Johnn Cochrane makes the case that bank regulators are not up to the job.
The last generation of smart MBAs got around capital requirements by pooling risky assets into “AAA” securities that had lower risk weights, and then putting those securities in special-purpose vehicles with off-balance-sheet credit guarantees. Voilà! Same risk, no capital. I can’t wait to see what they come up with this time. Diligently following risk weights, European banks built capital ratios by selling good loans and keeping “risk-free” sovereign debt.
Read the whole thing. Pointer from Kevin D. Williamson, who writes,
if it’s conspiracy kookery to suggest that Wall Street likes having access to easy money at concessionary rates, bailouts, and the privilege of being too big too fail, then the grassy knolls are going to get awfully crowded.

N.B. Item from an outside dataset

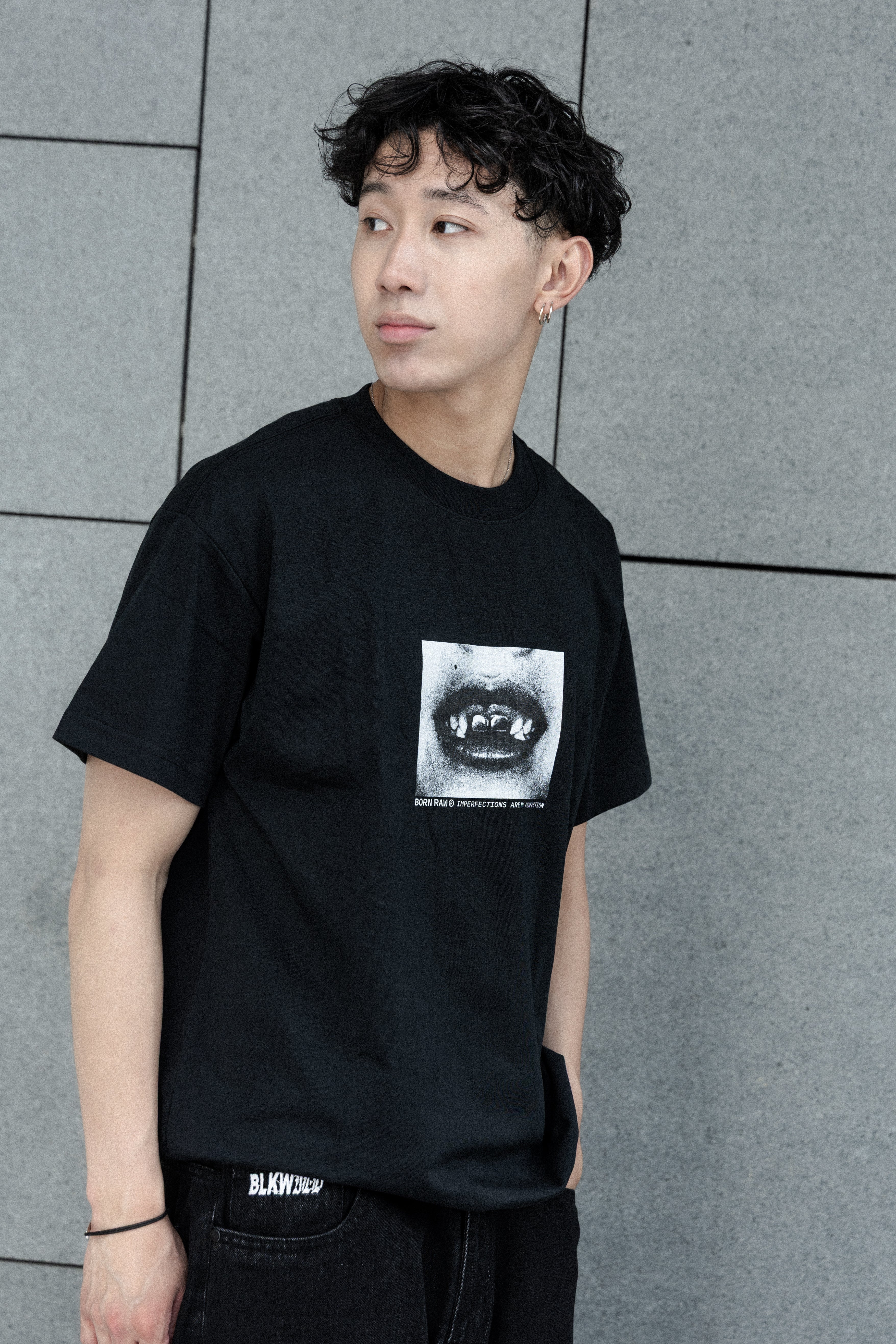 T-SHIRT BORN RAW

They will get even more crowded to the extent that it becomes clear that U.S. taxpayers, via the Fed and the IMF, are engaged in another bailout.
READER COMMENTS
Bryan Willman
Dec 29 2011 at 8:04pm
One wonders if “banking” as it exists today ought to be replaced by some completely different sort of institution.
I don’t know how it would work, but I’m thinking of a scheme where intermediation is done by some kind of auction market – you don’t get a home loan from a bank, you float “shares of your mortgage” with a collateral binder in an auction, people either buy it all or not. Some caretaker/administrator/trustee takes a cut, but they only do servicing and resolution of defaults.
[Surely somebody has thought more about this?]
Point being that if the banking system no longer contained large risky institutions, we would not longer have to try to regulate them…
Kevin
Dec 30 2011 at 12:24am
“Same risk, no capital.” That’s simply not true. Only the senior paper had the low capital requirements, and those instruments absolutely did not have the “same risk” as the underlying debt.